Recently Dr. Mohammed Ould Amar, director-general of the Arab League Educational, Cultural and Scientific Organization (ALECSO), presented me with the honor of a cultural ambassadorship. Their main aspiration is to enhance our Arab culture regionally and internationally. The sense of “ourselves” is a generational idea originating in set traditions over time. In Arabic, we say “bearers of a habit are unable to drop their habits” — cultural continuity, just like sustainability, is a natural way to progress individually and collectively.

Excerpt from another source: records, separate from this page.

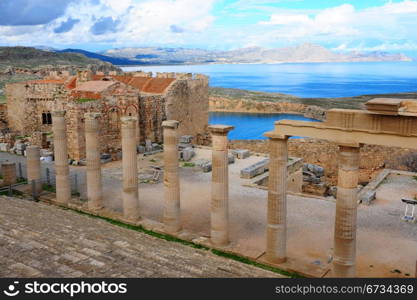 Ancient Temple on The Beach of The Greek Island of Rhodes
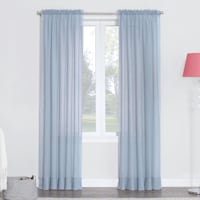 Erica Blue Crushed Rod Pocket Sheer Voile Curtain Panel, 84"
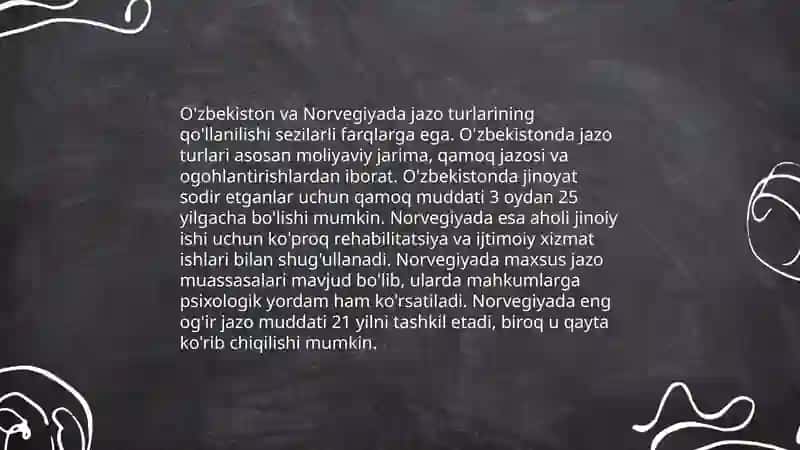 O'zbekiston va Norvegiya jazo tizimi qiyosiy tahlil 4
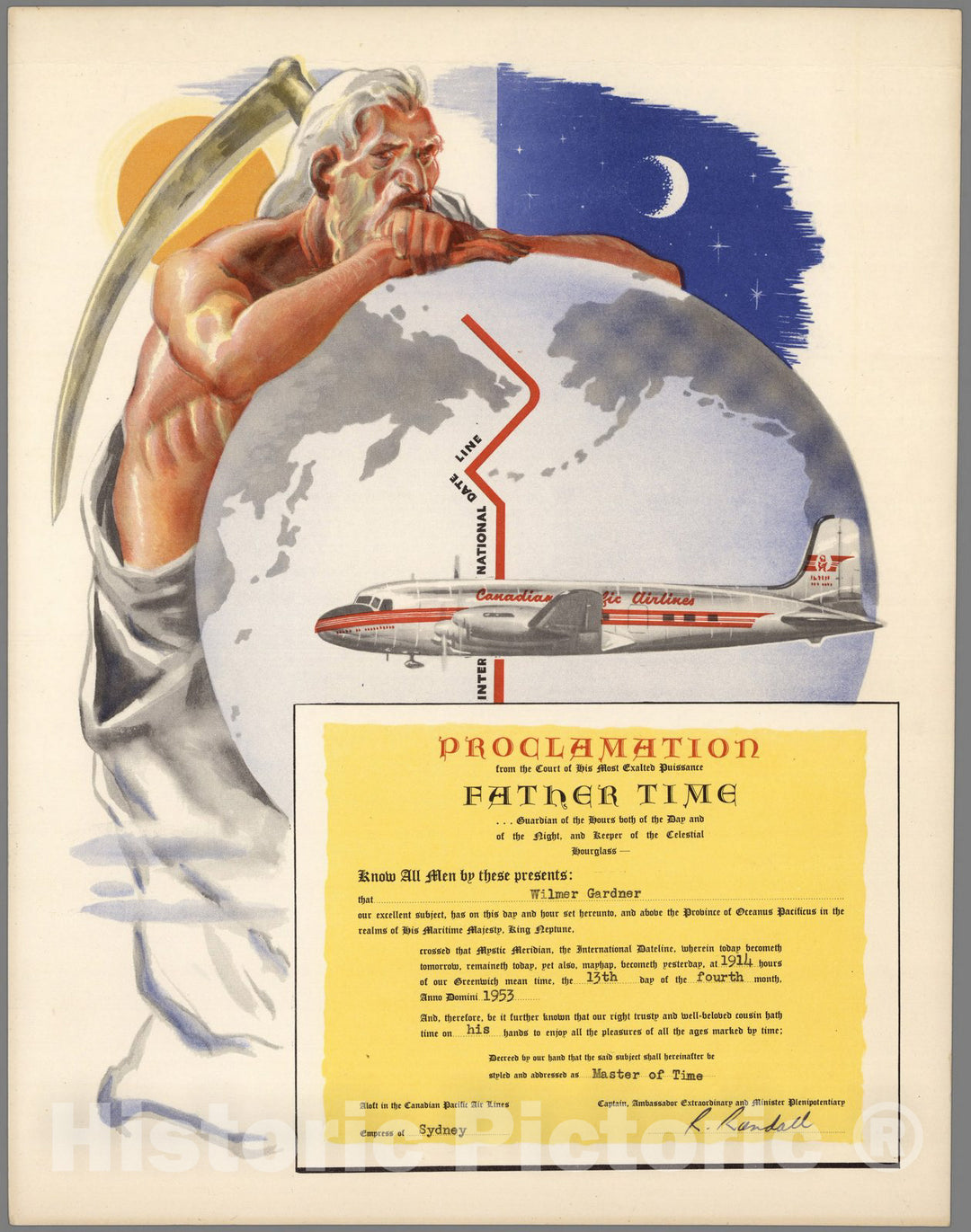 Historic Map : Ephemera, Canadian Pacific Airlines Ephemera. Proclamation: Crossing the International Dateline. 1953 - Vintage Wall Art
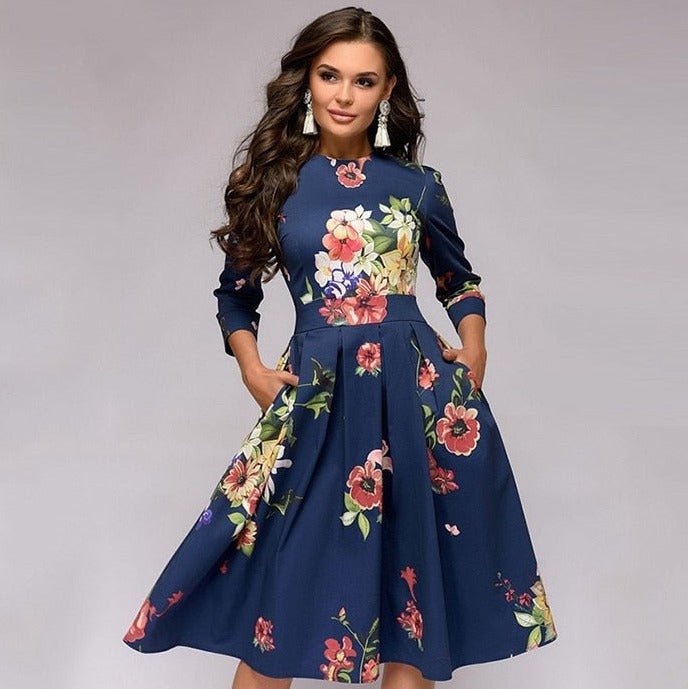 Retro Dress with Floral Pattern – Florina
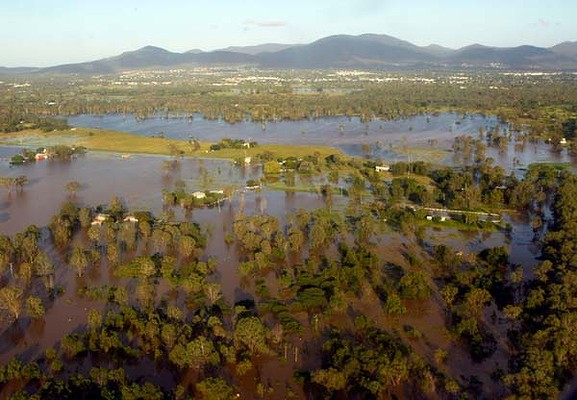 Floodwaters seen from a plane coming in to land at the airport in Rockhampton, Queensland, Australia, 1 January 2010. Janie Barrett / theage.com.au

The calligraphy benches scattered around at Expo 2020 honor the Arabic language and calligraphy as an age-old tradition, inviting family-sized groups of loved ones to take in the splendor of their surroundings.




Al Wasl Plaza. Supplied

Al Wasl Plaza is the grand feature of the Expo 2020 site. Al Wasl means “the link,” a link between all people and ideas.

“The theater (Al Wasl Plaza) is going to be a permanent monument for residents and locals alike, to look back to as a proud memory,” said Nahla Al-Fahad, the woman behind the popular “wain sayreen” Expo 2020 commercial. The film director added: “Al Wasl Plaza will present lots of Arabic poetry in various shows. It is also a park, and the materials used on top give perfect shade, successfully reducing indoor temperatures by up to three degrees.”

An illuminating dome that emulates the Bronze Age ring found in the Saruq Al-Hadid archaeological site in Dubai, with its round shape and twenty orbiting spheres, symbolizes the event as if the countries are planets revolving around the center of this spectacle of dialogue.




Al Wasl Plaza. Instagram

Dunes are another splendid feature of Expo 2020 that creep into the design of various pavilions — a coffee scented trail in Italy’s pavilion, a red uphill entrance to the Swiss pavilion, the color of which will keep changing during the coming months. Then there is the steep, breathtaking ascent into Saudi Arabia’s rich heritage and renewed spirit, inaugurated by the Vice Chairman of the Supervisory Committee for the Kingdom of Saudi Arabia’s Pavilion Mohammad Al-Tuwaijri. The UAE’s pavilion, “A Story About the UAE’s Dream,” which Sheikh Mohamed Bin Zayed Al-Nahyan shared on Twitter, displayed actual audio and visual depictions of dunes. A few expressions of the desert theme are representative of social participation and similar views.

A good feature of identity does not require explanation, just like an obvious joke. Take this one for example — it is old but amusing — what is the English translation of Insh’Allah? It is improbable, un-seemingly or no. 

 




The UAE pavilion at Expo 2020 Dubai. Supplied

 

Views of ourselves or others are developed by way of interaction. While we were watching the opening ceremony my mother, Sheikha Fakhra Bint Saeed, turned our attention to the young star in a pink and golden Khaleeji gown, delightfully performed by model Mira Singh. Her movements on the stage, mixing one by one with the various groups and emphasizing cooperation as a universal value, neither dissolved the uniqueness of any of the groups nor erased the girl’s representation of Arabia’s past and present.

From melodious musical shows to dances performed by troupes from multiple regions, and national day parades to the entertaining Eastern melodies by Al-Jahra Arts at the entrance of Kuwait’s pavilion, Expo 2020 Dubai has much to offer.

Another host of shows will take place in the Jubilee Park, where the Kapa Haka dancers from New Zealand, with their big smiles and decorative chin tattoos, will represent an old Maori spiritual tradition marking passages of life and a commitment to their ancestral identities. In the deserts of the Arab world, different and comparable to the Maoris during the early 20th century, simple tattoos were a beauty trait for the Bedouins — an example of age-old ideas springing from diverse mindsets. Nowadays meanings differ and methods change in the ways we all honor our past and still fulfill our futures. Societies depend on understanding our “we-dentities,” in turn, development is dependent on us valuing our cultural bonds and diversity.